You're reading: IMF to visit Ukraine to assess budget

WASHINGTON - An International Monetary Fund team will visit Ukraine in September to assess its budget plans as the cash-strapped country tries to persuade the lender to restart a $15 billion loan program, a top Ukrainian official said on July 31.

Valery Khoroshkovsky, first deputy prime minister, told
Reuters through a translator he met with IMF Managing Director
Christine Lagarde on Tuesday, July 31, and reached “a general
understanding that in September IMF representatives will come to Ukraine to assess our budget planning for 2013.”

The IMF froze a $15 billion loan program for Ukraine after
the government failed to raise gas prices at home and carry out
other unpopular reforms.

With a parliamentary election in October, the Kyiv
government has balked at taking the politically risky step of
raising gas and heating prices for Ukrainian households by 30 to
50 percent, as pressed by the IMF.

Khoroshkovsky said he told Lagarde raising prices would
create a social crisis unless Ukraine first developed a system
to help the most vulnerable segments of its population cope.

He declined to characterize Lagarde’s response because of
the confidential nature of the meeting, but said the IMF’s main
concern was Ukraine’s macro-economic stability and the Kyiv
government recognizes it has more work to do on that.

“We understand that without resolving all key problems, the
financing will not be unfrozen. So we agreed that we need to
ensure macro-economic stability as the basic precondition and
then we will work to resolve all other subjects,” he said.

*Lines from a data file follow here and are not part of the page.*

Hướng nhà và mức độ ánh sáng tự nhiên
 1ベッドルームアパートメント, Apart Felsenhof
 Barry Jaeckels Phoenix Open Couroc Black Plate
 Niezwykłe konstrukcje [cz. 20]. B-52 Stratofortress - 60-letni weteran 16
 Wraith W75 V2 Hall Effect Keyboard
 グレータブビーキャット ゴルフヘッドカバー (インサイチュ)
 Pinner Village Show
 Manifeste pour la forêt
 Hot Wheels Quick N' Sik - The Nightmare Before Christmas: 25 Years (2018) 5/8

Khoroshkovsky also met with U.S. Trade Representative Ron
Kirk on July 31 and they discussed steps the two countries could
take to increase what he said was the “ridiculously small” level
of trade between Ukraine and the United States.

Two-way trade totaled just $3.6 billion last year, roughly
half of Ukraine’s trade with Belarus, he said.

The countries established a “Trade Experts Groups” to
explore ways to boost bilateral trade and investment flows,
according to a joint U.S.- Ukraine statement.

Khoroshkovsky said he also pressed the U.S. government to
remove duties it imposed on Ukrainian steel and chemical
products sometime before 2006.

Lifting the duties could boost Ukraine’s exports to the
United States by $1 billion, he said.

The main justification at the time for the duties was low
Ukrainian natural gas prices, which have more than doubled
since, Khoroshkovsky said.

Khoroshkovsky said he did not expect talks on a free trade
pact with the United States any time in the near future.

Earlier this month, Ukraine and the European Union finalized
the text of a free trade agreement but implementation remains on
hold because of political concerns.

The current government’s jailing of Ukrainian opposition
leader Yulia Tymoshenko and some of her allies has strained ties
with both the EU and the United States.